| Data provided |
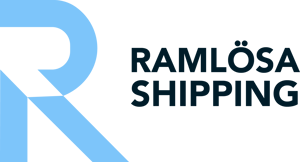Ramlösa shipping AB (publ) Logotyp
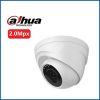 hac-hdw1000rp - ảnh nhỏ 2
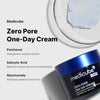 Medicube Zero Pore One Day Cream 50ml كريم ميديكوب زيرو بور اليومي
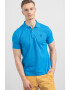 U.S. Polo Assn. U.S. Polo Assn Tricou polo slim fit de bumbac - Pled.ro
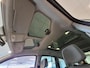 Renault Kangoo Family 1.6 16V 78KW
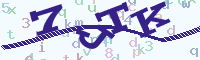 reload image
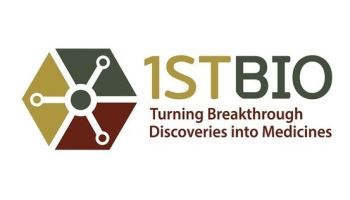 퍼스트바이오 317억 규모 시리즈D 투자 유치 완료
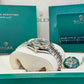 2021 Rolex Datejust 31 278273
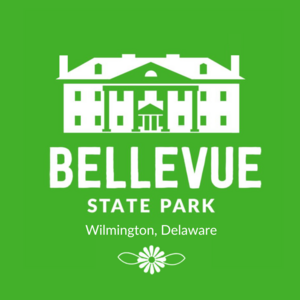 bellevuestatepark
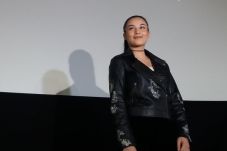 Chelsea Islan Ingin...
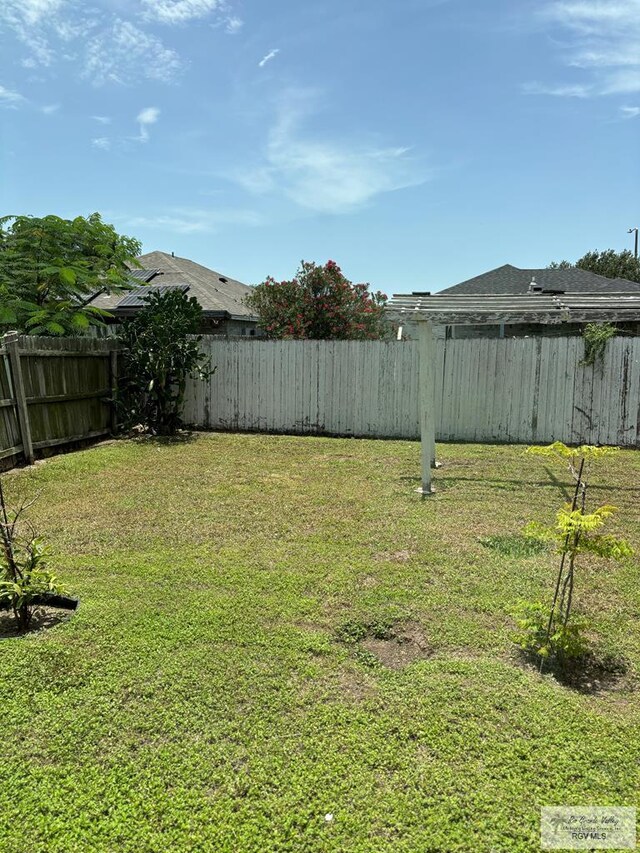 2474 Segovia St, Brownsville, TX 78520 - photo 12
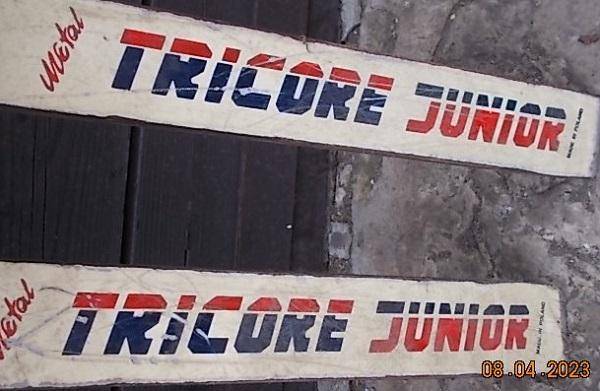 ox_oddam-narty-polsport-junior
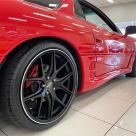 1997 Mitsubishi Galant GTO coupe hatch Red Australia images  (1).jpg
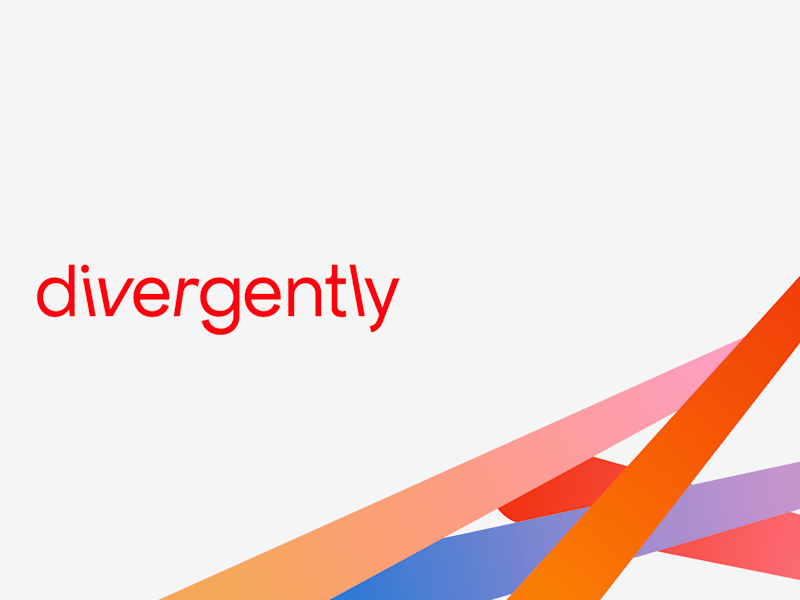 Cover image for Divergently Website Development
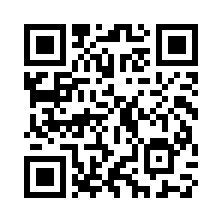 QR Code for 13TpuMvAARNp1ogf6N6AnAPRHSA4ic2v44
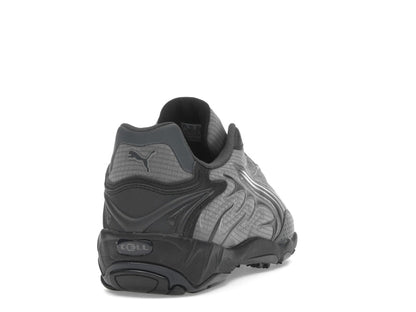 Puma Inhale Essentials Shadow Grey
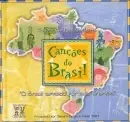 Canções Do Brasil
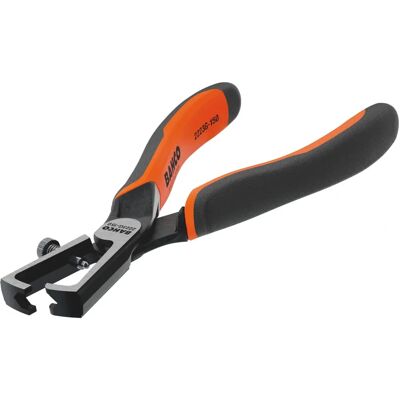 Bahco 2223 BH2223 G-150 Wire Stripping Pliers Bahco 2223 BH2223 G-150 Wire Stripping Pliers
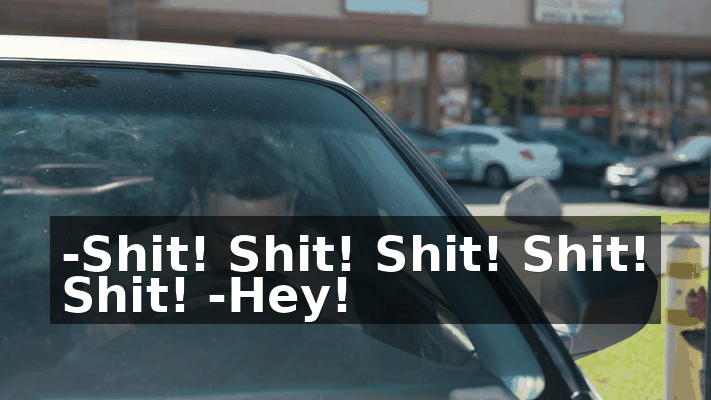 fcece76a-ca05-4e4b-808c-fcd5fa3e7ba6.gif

...

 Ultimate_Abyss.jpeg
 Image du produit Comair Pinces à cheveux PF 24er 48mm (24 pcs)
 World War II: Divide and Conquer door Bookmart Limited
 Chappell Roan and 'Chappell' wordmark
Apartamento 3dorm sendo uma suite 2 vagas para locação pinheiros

| What the exercise asks |
Return exactly the lines above from the line that has "World War II: Divide" through the line that has "Apartamento 3dorm sendo", inclusive, and nothing else.

| Result of the task |
 World War II: Divide and Conquer door Bookmart Limited
 Chappell Roan and 'Chappell' wordmark
Apartamento 3dorm sendo uma suite 2 vagas para locação pinheiros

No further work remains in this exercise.